## Data provided
——————
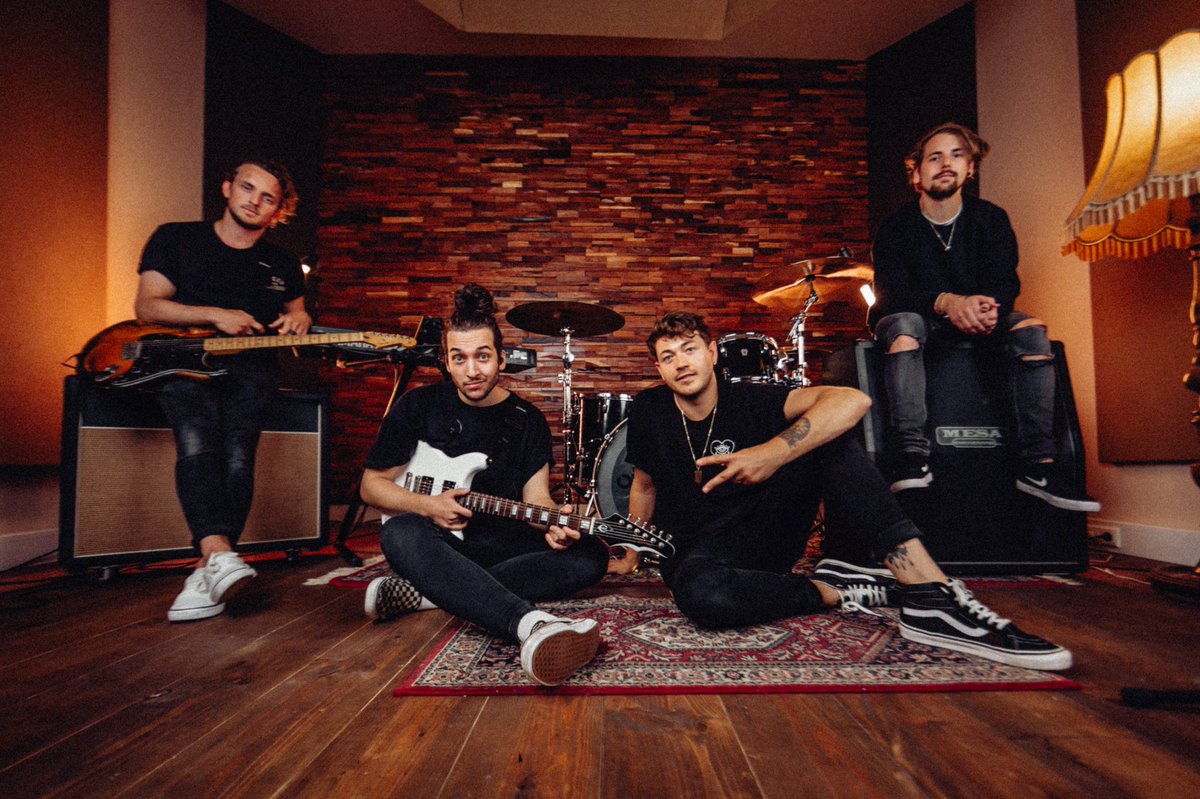 We’ve recorded a new #cover for you guys! Stay tuned, cause this Monday we’ll spill some details about this one. 👀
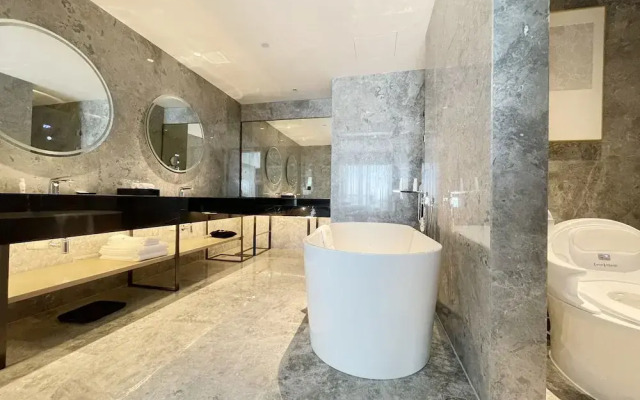 White Swan VYV Hotel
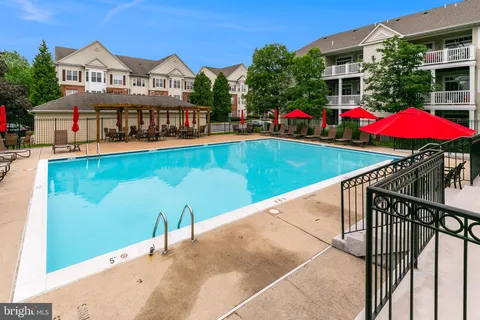 $725,000 | 5454 Patuxent Way, Alexandria, VA 22312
——————
Working from the line that contains "White Swan VYV Hotel" to the last line of the listing, please quote each line exactly, pictures excluded.

## Solution for this task
 White Swan VYV Hotel
 $725,000 | 5454 Patuxent Way, Alexandria, VA 22312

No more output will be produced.